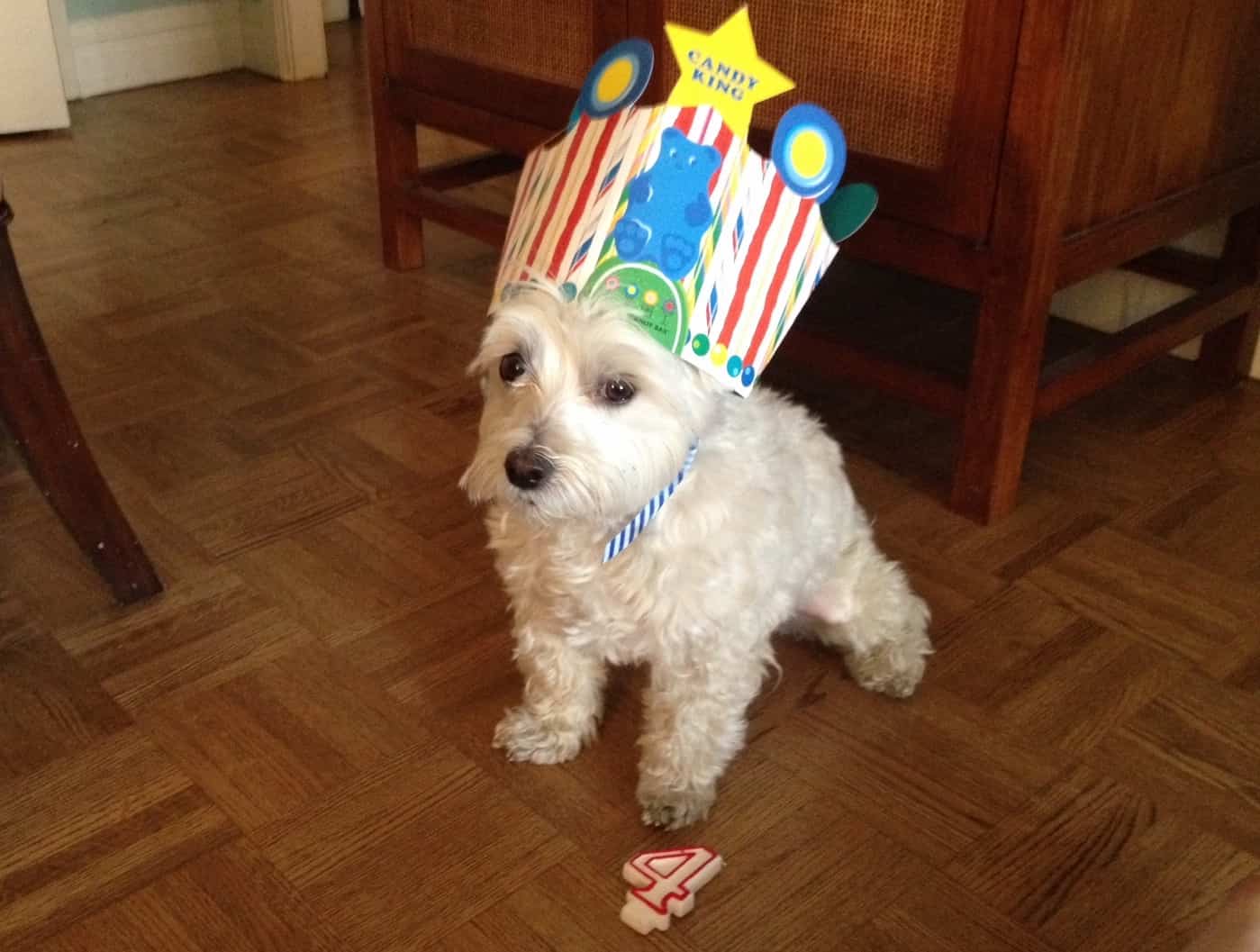 Holmes with his celebratory birthday hat.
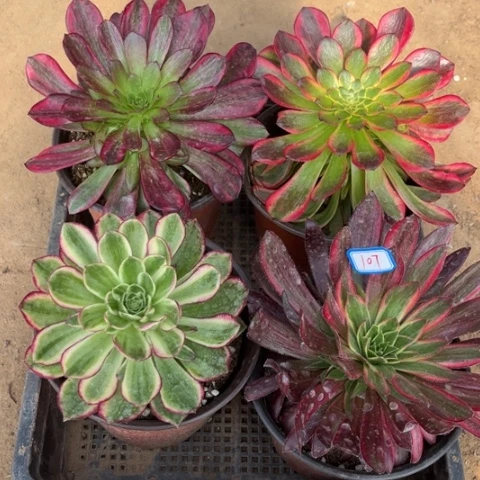 107多肉植物组合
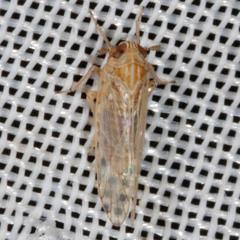 Javesella pellucida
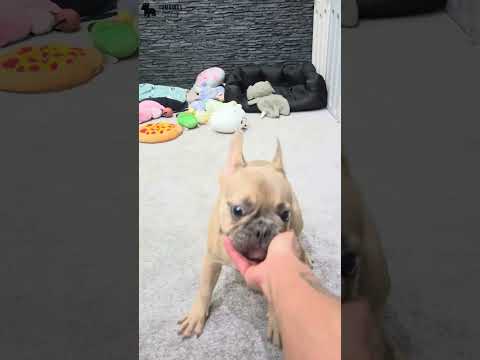 Video 1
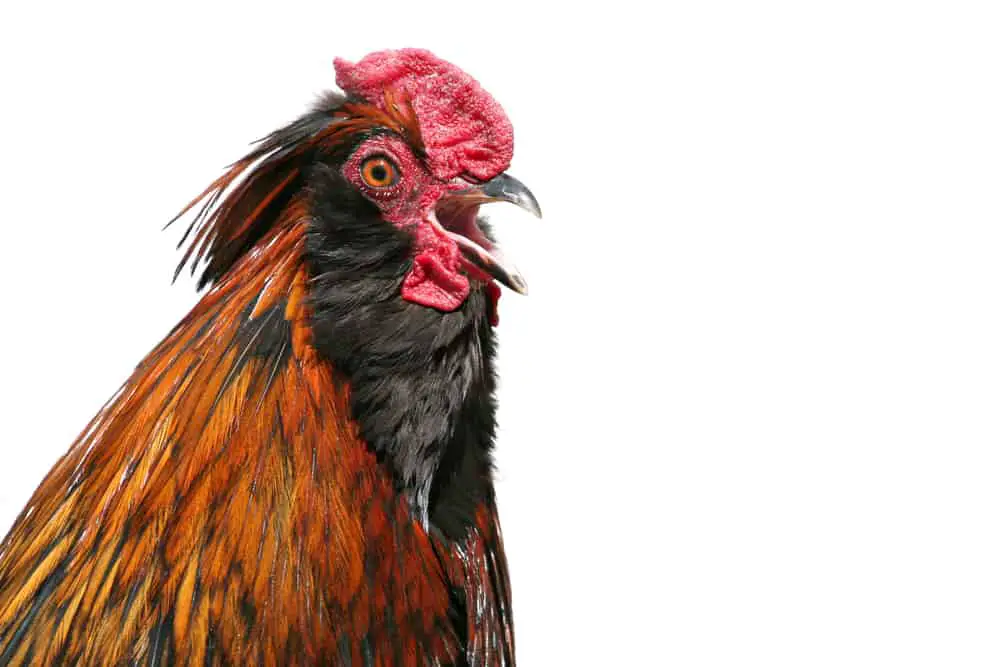 What Can You Do About Your Neighbor's Noisy Rooster?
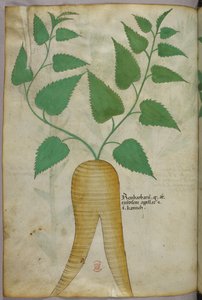 Illustration botanique, vers 1440 (encre et couleur sur vélin) - Italian School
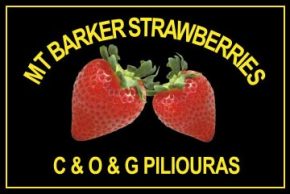 Mt. Barker Strawberries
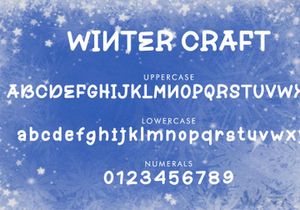 Winter Craft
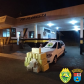 BPRv apreende R$ 1 milhão em maconha durante abordagem no Noroeste do estado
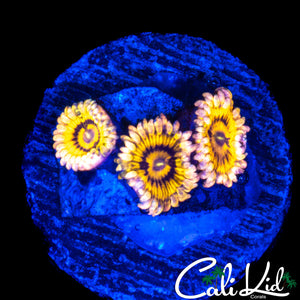 STRATOCASTER TYPE TRIPLE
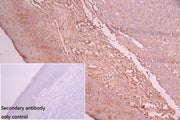 IHC image of CSB-PA012474LA01HU diluted at 1:50 and staining in paraffin-embedded human tonsil tissue performed on a Leica BondTM system. After dewaxing and hydration, antigen retrieval was mediated by high pressure in a citrate buffer (pH 6.0). S...
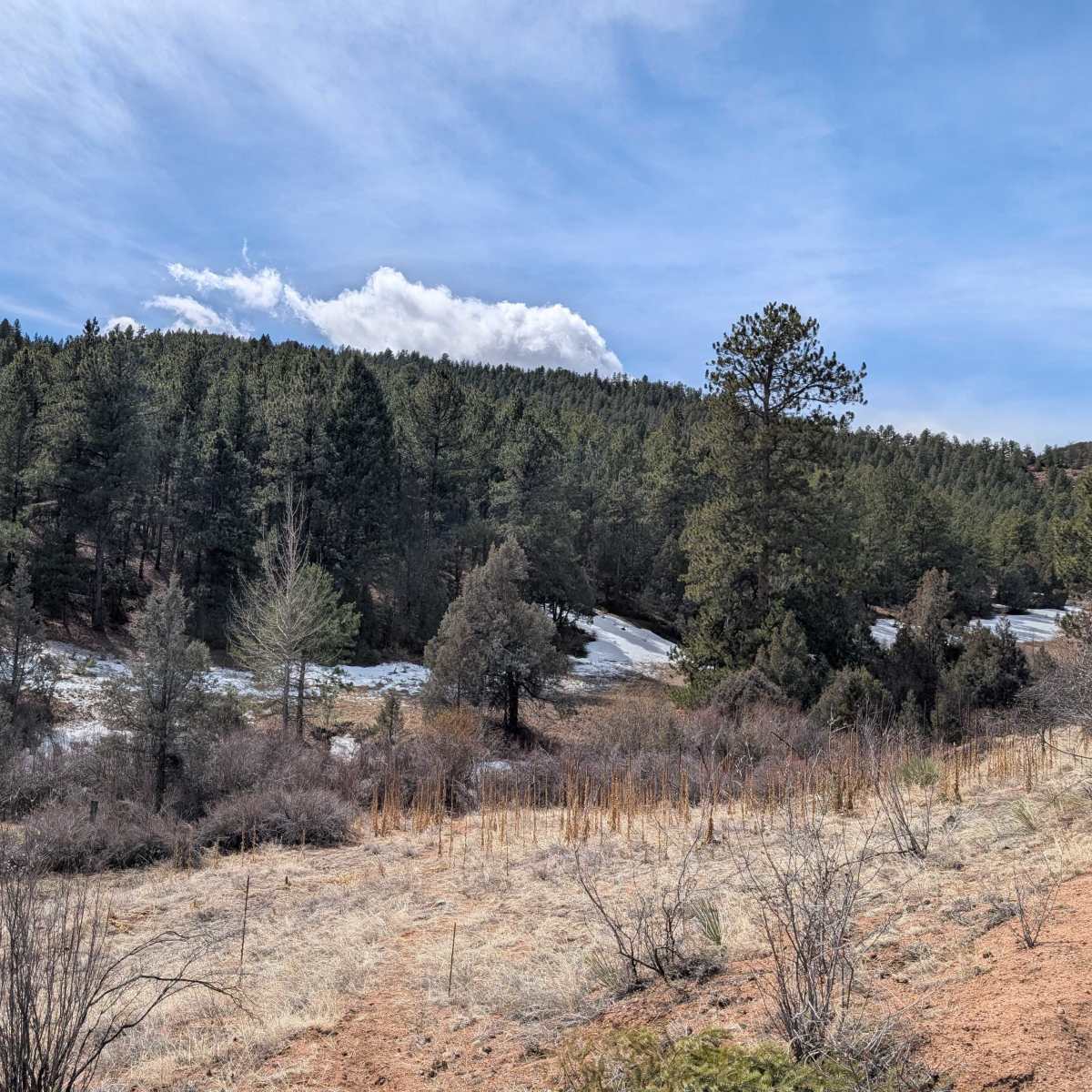 Resort Valley Ranch - Mountain Lion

EXERCISE DIRECTIONS ::
No pictures should appear in the copy. Print exactly the lines above from the line containing "STRATOCASTER TYPE TRIPLE" through the last line of the data.

TASK RESPONSE ::
 STRATOCASTER TYPE TRIPLE
 IHC image of CSB-PA012474LA01HU diluted at 1:50 and staining in paraffin-embedded human tonsil tissue performed on a Leica BondTM system. After dewaxing and hydration, antigen retrieval was mediated by high pressure in a citrate buffer (pH 6.0). S...
 Resort Valley Ranch - Mountain Lion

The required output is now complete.